Your task is to copy the lines of the data below from the line holding "A Holiday Spectacle" through the line holding "Nomad Traditional Leather", inclusive, exactly and with nothing added.

_Data to use_:
########

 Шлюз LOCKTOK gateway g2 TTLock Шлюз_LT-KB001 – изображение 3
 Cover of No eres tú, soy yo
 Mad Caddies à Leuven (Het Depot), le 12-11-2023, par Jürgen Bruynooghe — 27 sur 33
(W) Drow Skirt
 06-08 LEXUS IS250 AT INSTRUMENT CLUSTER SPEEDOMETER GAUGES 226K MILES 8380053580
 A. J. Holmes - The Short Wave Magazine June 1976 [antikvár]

########

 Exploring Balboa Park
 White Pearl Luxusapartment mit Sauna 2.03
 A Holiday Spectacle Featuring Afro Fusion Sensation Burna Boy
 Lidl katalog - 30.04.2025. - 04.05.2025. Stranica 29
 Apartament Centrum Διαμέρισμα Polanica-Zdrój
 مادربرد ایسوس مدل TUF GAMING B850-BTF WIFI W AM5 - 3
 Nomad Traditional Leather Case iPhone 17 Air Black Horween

########

_Result below_:
 A Holiday Spectacle Featuring Afro Fusion Sensation Burna Boy
 Lidl katalog - 30.04.2025. - 04.05.2025. Stranica 29
 Apartament Centrum Διαμέρισμα Polanica-Zdrój
 مادربرد ایسوس مدل TUF GAMING B850-BTF WIFI W AM5 - 3
 Nomad Traditional Leather Case iPhone 17 Air Black Horween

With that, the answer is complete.